Records »
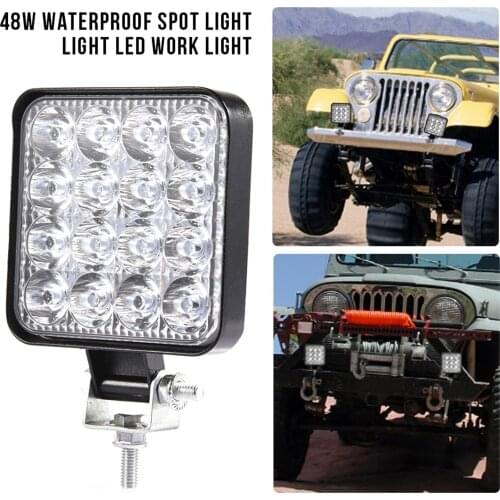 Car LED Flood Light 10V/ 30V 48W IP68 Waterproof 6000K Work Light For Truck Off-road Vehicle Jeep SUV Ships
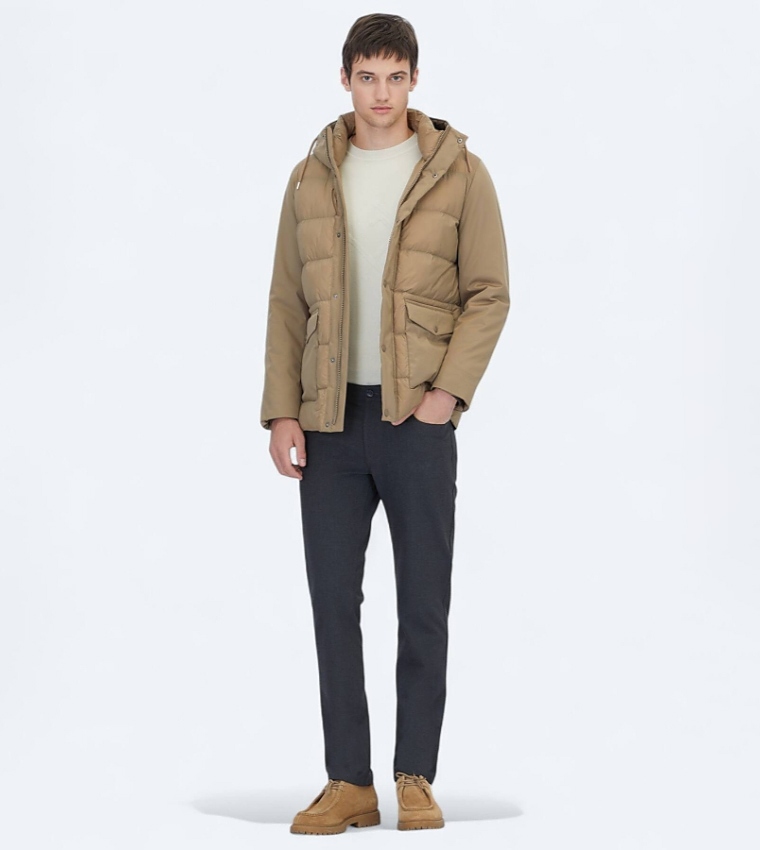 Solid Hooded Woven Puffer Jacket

---

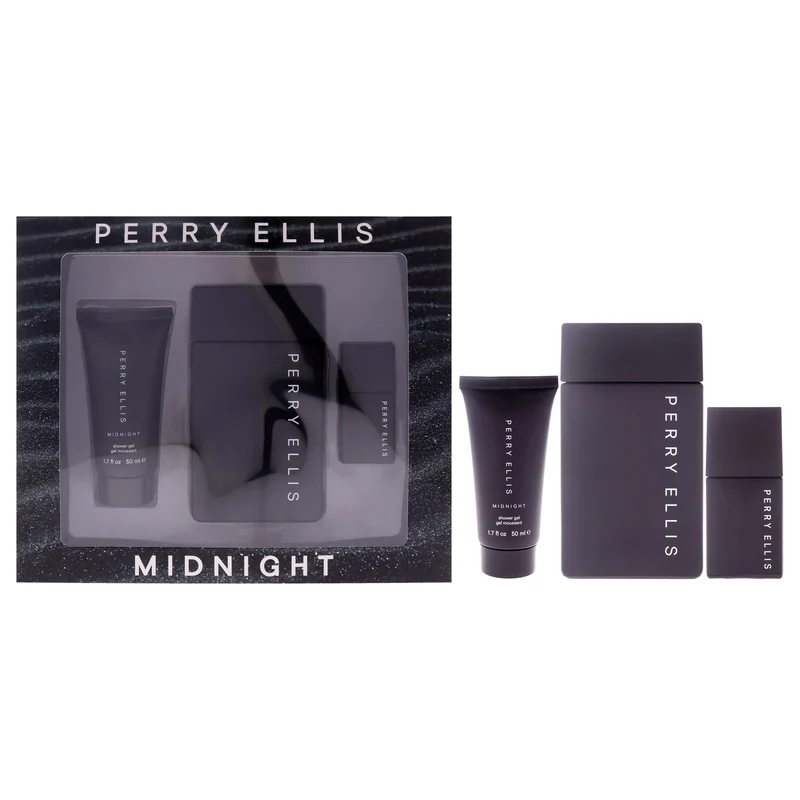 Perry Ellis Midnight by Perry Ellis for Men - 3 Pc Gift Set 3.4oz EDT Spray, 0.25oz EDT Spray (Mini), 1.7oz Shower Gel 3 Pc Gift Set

Instructions for the task » Reproduce word for word, with pictures dropped, only the part of the material above that opens with the line containing "Car LED Flood" and closes with the line containing "Solid Hooded Woven Puffer Jacket".

Answer space »
 Car LED Flood Light 10V/ 30V 48W IP68 Waterproof 6000K Work Light For Truck Off-road Vehicle Jeep SUV Ships
 Solid Hooded Woven Puffer Jacket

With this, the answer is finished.